» **Your assignment**:
Would you please write out each entry that follows, exactly as written?

» **The records**:
BEGIN

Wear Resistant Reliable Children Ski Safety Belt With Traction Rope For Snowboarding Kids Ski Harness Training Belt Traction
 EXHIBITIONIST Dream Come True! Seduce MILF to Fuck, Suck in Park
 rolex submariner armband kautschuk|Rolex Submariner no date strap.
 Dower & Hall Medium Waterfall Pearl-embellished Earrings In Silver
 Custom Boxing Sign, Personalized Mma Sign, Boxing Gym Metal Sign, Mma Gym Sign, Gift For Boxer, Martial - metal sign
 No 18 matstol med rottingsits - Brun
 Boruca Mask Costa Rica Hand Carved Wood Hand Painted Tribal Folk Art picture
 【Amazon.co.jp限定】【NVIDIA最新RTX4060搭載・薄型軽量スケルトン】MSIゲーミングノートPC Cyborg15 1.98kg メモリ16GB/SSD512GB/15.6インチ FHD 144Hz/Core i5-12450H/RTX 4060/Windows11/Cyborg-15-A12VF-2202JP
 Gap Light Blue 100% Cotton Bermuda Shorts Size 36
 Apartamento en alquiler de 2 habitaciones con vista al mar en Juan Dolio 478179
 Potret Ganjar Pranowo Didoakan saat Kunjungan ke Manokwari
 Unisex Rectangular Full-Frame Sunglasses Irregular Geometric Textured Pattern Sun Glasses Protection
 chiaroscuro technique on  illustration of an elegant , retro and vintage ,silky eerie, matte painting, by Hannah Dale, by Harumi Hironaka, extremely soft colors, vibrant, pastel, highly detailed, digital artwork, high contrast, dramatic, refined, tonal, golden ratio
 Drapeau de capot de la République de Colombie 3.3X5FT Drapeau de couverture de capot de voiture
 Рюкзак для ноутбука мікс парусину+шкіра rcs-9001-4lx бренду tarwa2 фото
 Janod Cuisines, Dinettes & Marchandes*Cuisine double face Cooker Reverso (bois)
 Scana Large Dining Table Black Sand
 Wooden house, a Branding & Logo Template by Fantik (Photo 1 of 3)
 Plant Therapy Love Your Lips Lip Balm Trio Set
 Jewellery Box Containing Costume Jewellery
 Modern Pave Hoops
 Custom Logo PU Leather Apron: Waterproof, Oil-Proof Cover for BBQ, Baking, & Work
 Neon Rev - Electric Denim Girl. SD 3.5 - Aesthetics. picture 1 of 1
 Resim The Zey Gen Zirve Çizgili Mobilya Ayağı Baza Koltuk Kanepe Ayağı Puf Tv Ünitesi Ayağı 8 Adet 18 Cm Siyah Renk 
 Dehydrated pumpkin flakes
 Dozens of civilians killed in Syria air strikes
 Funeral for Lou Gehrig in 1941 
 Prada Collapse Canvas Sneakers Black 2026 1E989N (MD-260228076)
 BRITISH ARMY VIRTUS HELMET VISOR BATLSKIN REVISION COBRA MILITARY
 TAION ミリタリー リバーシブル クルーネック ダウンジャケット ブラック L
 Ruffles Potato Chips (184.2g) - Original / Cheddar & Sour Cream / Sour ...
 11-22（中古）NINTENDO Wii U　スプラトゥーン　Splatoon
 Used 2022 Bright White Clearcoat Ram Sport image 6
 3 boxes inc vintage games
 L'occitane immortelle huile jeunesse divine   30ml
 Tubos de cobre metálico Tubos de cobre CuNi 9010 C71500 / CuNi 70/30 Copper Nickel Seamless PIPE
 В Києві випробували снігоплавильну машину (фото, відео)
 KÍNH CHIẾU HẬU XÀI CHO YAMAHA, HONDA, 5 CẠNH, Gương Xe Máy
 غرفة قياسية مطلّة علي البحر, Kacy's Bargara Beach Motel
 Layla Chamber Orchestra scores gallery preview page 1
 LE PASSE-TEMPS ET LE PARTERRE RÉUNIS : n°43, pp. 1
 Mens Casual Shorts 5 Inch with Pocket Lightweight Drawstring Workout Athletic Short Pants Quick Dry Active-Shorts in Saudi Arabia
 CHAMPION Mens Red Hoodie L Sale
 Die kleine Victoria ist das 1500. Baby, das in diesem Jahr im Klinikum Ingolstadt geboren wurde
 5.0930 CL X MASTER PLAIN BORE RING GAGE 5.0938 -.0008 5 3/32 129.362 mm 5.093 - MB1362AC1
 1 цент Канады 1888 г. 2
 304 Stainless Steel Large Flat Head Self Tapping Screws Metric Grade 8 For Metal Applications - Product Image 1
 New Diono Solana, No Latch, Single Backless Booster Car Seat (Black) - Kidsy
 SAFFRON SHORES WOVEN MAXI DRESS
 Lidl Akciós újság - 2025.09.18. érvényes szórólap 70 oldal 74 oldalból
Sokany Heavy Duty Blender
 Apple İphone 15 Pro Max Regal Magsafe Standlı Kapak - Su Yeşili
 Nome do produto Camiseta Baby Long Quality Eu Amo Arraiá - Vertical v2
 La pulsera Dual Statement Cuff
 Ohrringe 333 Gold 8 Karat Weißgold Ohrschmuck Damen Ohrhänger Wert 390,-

END

» **Your solution**:
Wear Resistant Reliable Children Ski Safety Belt With Traction Rope For Snowboarding Kids Ski Harness Training Belt Traction
 EXHIBITIONIST Dream Come True! Seduce MILF to Fuck, Suck in Park
 rolex submariner armband kautschuk|Rolex Submariner no date strap.
 Dower & Hall Medium Waterfall Pearl-embellished Earrings In Silver
 Custom Boxing Sign, Personalized Mma Sign, Boxing Gym Metal Sign, Mma Gym Sign, Gift For Boxer, Martial - metal sign
 No 18 matstol med rottingsits - Brun
 Boruca Mask Costa Rica Hand Carved Wood Hand Painted Tribal Folk Art picture
 【Amazon.co.jp限定】【NVIDIA最新RTX4060搭載・薄型軽量スケルトン】MSIゲーミングノートPC Cyborg15 1.98kg メモリ16GB/SSD512GB/15.6インチ FHD 144Hz/Core i5-12450H/RTX 4060/Windows11/Cyborg-15-A12VF-2202JP
 Gap Light Blue 100% Cotton Bermuda Shorts Size 36
 Apartamento en alquiler de 2 habitaciones con vista al mar en Juan Dolio 478179
 Potret Ganjar Pranowo Didoakan saat Kunjungan ke Manokwari
 Unisex Rectangular Full-Frame Sunglasses Irregular Geometric Textured Pattern Sun Glasses Protection
 chiaroscuro technique on  illustration of an elegant , retro and vintage ,silky eerie, matte painting, by Hannah Dale, by Harumi Hironaka, extremely soft colors, vibrant, pastel, highly detailed, digital artwork, high contrast, dramatic, refined, tonal, golden ratio
 Drapeau de capot de la République de Colombie 3.3X5FT Drapeau de couverture de capot de voiture
 Рюкзак для ноутбука мікс парусину+шкіра rcs-9001-4lx бренду tarwa2 фото
 Janod Cuisines, Dinettes & Marchandes*Cuisine double face Cooker Reverso (bois)
 Scana Large Dining Table Black Sand
 Wooden house, a Branding & Logo Template by Fantik (Photo 1 of 3)
 Plant Therapy Love Your Lips Lip Balm Trio Set
 Jewellery Box Containing Costume Jewellery
 Modern Pave Hoops
 Custom Logo PU Leather Apron: Waterproof, Oil-Proof Cover for BBQ, Baking, & Work
 Neon Rev - Electric Denim Girl. SD 3.5 - Aesthetics. picture 1 of 1
 Resim The Zey Gen Zirve Çizgili Mobilya Ayağı Baza Koltuk Kanepe Ayağı Puf Tv Ünitesi Ayağı 8 Adet 18 Cm Siyah Renk 
 Dehydrated pumpkin flakes
 Dozens of civilians killed in Syria air strikes
 Funeral for Lou Gehrig in 1941 
 Prada Collapse Canvas Sneakers Black 2026 1E989N (MD-260228076)
 BRITISH ARMY VIRTUS HELMET VISOR BATLSKIN REVISION COBRA MILITARY
 TAION ミリタリー リバーシブル クルーネック ダウンジャケット ブラック L
 Ruffles Potato Chips (184.2g) - Original / Cheddar & Sour Cream / Sour ...
 11-22（中古）NINTENDO Wii U　スプラトゥーン　Splatoon
 Used 2022 Bright White Clearcoat Ram Sport image 6
 3 boxes inc vintage games
 L'occitane immortelle huile jeunesse divine   30ml
 Tubos de cobre metálico Tubos de cobre CuNi 9010 C71500 / CuNi 70/30 Copper Nickel Seamless PIPE
 В Києві випробували снігоплавильну машину (фото, відео)
 KÍNH CHIẾU HẬU XÀI CHO YAMAHA, HONDA, 5 CẠNH, Gương Xe Máy
 غرفة قياسية مطلّة علي البحر, Kacy's Bargara Beach Motel
 Layla Chamber Orchestra scores gallery preview page 1
 LE PASSE-TEMPS ET LE PARTERRE RÉUNIS : n°43, pp. 1
 Mens Casual Shorts 5 Inch with Pocket Lightweight Drawstring Workout Athletic Short Pants Quick Dry Active-Shorts in Saudi Arabia
 CHAMPION Mens Red Hoodie L Sale
 Die kleine Victoria ist das 1500. Baby, das in diesem Jahr im Klinikum Ingolstadt geboren wurde
 5.0930 CL X MASTER PLAIN BORE RING GAGE 5.0938 -.0008 5 3/32 129.362 mm 5.093 - MB1362AC1
 1 цент Канады 1888 г. 2
 304 Stainless Steel Large Flat Head Self Tapping Screws Metric Grade 8 For Metal Applications - Product Image 1
 New Diono Solana, No Latch, Single Backless Booster Car Seat (Black) - Kidsy
 SAFFRON SHORES WOVEN MAXI DRESS
 Lidl Akciós újság - 2025.09.18. érvényes szórólap 70 oldal 74 oldalból
Sokany Heavy Duty Blender
 Apple İphone 15 Pro Max Regal Magsafe Standlı Kapak - Su Yeşili
 Nome do produto Camiseta Baby Long Quality Eu Amo Arraiá - Vertical v2
 La pulsera Dual Statement Cuff
 Ohrringe 333 Gold 8 Karat Weißgold Ohrschmuck Damen Ohrhänger Wert 390,-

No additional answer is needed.